Do you remember when we invaded Iraq because Saddam Hussein wouldn’t turn over his weapons of mass destruction and we looked around and slowly realized that he hadn’t possessed any weapons of mass destruction to turn over?
Those were good times. Fun times. The best of times, really, if you think back on it.
It was before the Great Recession, before we realized just how badly our invasion had upset the balance of powers in the Middle East and fucked up the world.
It was during those innocent days that President George W. Bush attended the sixtieth annual Radio and Television Correspondents Association black-tie dinner and joked about not being able to find any weapons of mass destruction in Iraq.
The best part of the president’s stand-up routine was how well it was received by the guests.
The Washington Post seemed to find this something of a howl. Jennifer Frey’s report, carried on the front page of the Style section—under the headline, "George Bush, Entertainer in Chief"—led with Donald Trump’s appearance, and mentioned without comment Bush’s "recurring joke" of searching for the WMD.
The Associated Press review was equally jovial: "President Bush poked fun at his staff, his Democratic challenger and himself Wednesday night at a black-tie dinner where he hobnobbed with the news media." In fact, it is hard to find any immediate account of the affair that raised questions about the president’s slide show. Many noted that the WMD jokes were met with general and loud laughter.
The reporters covering the gala were apparently as swept away with laughter as the guests. One of the few attendees to criticize the president’s gag, David Corn, then of The Nation, told me he heard not a single complaint from his colleagues at the after-party.
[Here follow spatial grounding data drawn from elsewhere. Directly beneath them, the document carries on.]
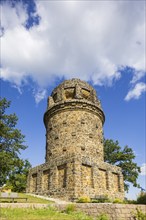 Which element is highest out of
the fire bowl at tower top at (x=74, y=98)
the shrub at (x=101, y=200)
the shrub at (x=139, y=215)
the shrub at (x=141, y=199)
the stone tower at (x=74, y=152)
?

Corn wondered if they would have laughed if President Reagan, following the truck bombing of our Marines barracks in Beirut, which killed 241, had said at a similar dinner: "Guess we forgot to put in a stop light."
The strange thing is that all these years later a lot of these same reporters are much, much less amused and unforgiving about Hillary Clinton’s alleged inability to find her “message.”
I advise Hillary to attempt a reprise. The next time she does a press conference, she should start looking under her papers, the podium, inside the microphone, all the while mumbling, “Nope…no message her. Not here. Or here…”
Let’s see how amused Chuck Todd is by that act.